The area that will be most affected by the cyclone is one of the poorest in the region, and is home to around 58 million people living in the neighboring countries of India and Bangladesh, the Associated Press reported. The area includes small fishing villages, tribal groups living in forests, refugee camps and the major Indian city of Kolkata.

Although the last few years were marked by a drop in the number of cyclones passing through the Indian Ocean, meteorologists predict that Amphan will be one of the most destructive cyclones ever recorded in the region. The cyclone is set to pass through the mangrove forests along the perimeter of the Bengal Delta.

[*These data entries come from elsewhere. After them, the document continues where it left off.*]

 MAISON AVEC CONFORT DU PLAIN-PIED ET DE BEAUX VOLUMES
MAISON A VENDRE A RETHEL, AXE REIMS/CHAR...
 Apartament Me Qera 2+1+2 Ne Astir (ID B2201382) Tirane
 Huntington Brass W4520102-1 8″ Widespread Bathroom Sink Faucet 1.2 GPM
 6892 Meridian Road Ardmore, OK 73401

Residents rest in a shelter ahead of the expected landfall of cyclone Amphan in Dacope of Khulna district on May 20, 2020. - Several million people were taking shelter and praying for the best on Wednesday as the Bay of Bengal's fiercest cyclone in decades roared towards Bangladesh and eastern India, with forecasts of a potentially devastating and deadly storm surge. Authorities have scrambled to evacuate low lying areas in the path of Amphan, which is only the second

Residents remain in a shelter after evacuating (Munir Uz Zaman / AFP via Getty Images)

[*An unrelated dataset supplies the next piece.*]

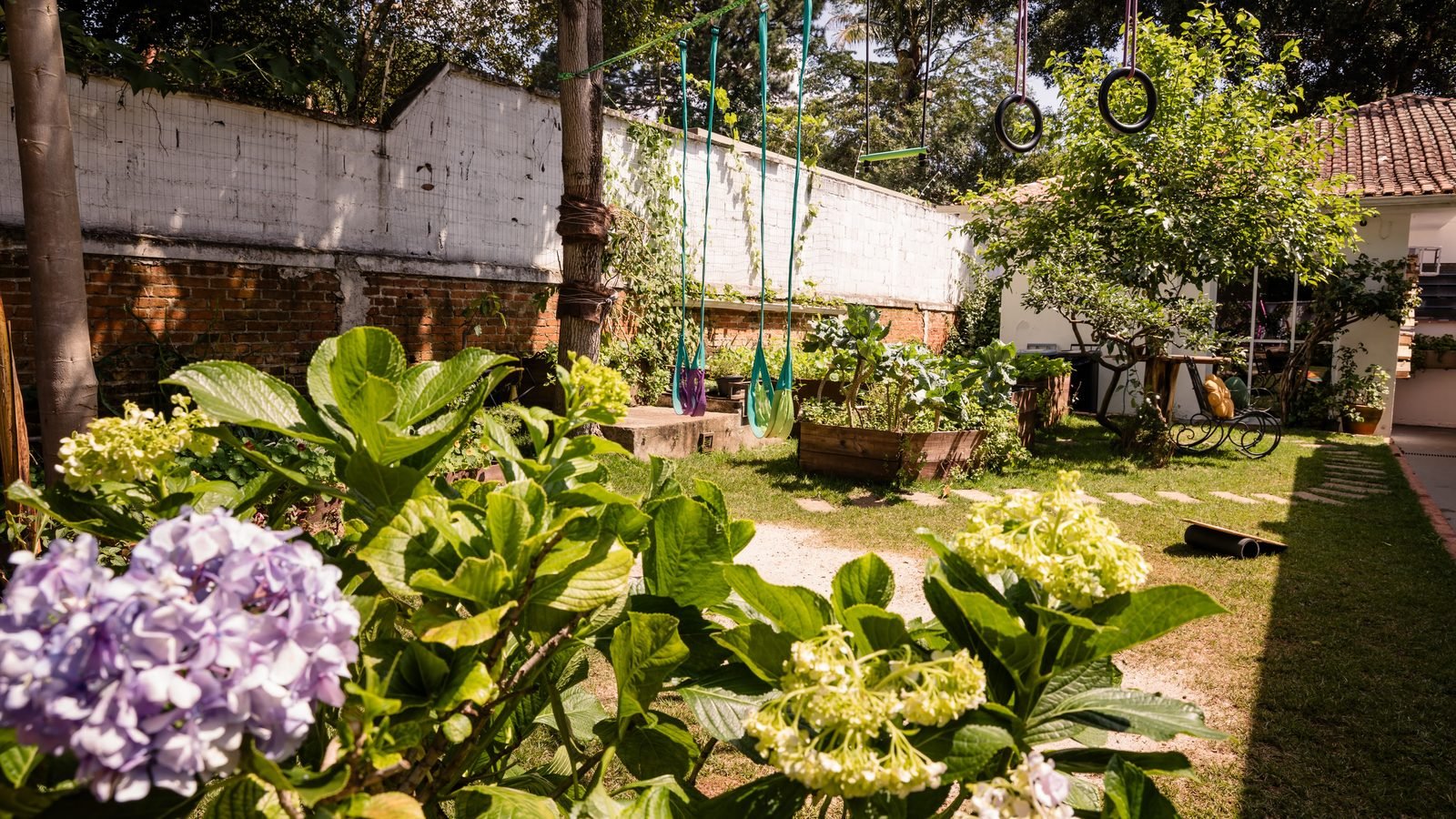 Horta didática da sede da NaCaZinha, com canteiros elevados de hortaliças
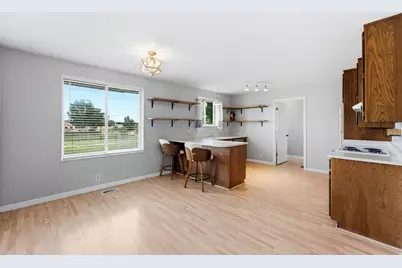 6114 S Red Oaks Dr, Murray, UT 84123 - Photo 9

The area is also home to major refugee camps, such as the Kutupalong Camp in the Bangladeshi city of Cox’s Bazar. Over the last several years, hundreds of thousands of Rohingya Muslims have fled Myanmar and arrived in Bangladesh as refugees fleeing religious persecution from Myanmar’s majority-Buddhist population. (RELATED: Bangladesh Bans Two International Islamist Charities)

The cyclone has also seriously complicated the region’s ability to contain the coronavirus, with India and Bangladesh so far reporting a combined 135,000 cases and around 3,700 deaths, according to the Johns Hopkins Coronavirus Resource Center. The storms and winds would most likely destroy critical infrastructure and impact supply lines, making it more difficult for authorities to enforce public health guidelines and distribute medical equipment, according to the Associated Press.

Indian chief meteorologist Mrutyunjay Mohapatra emphasized the importance of taking immediate action in a statement Wednesday. “The next 24 hours are very crucial. This is a long haul,” he said.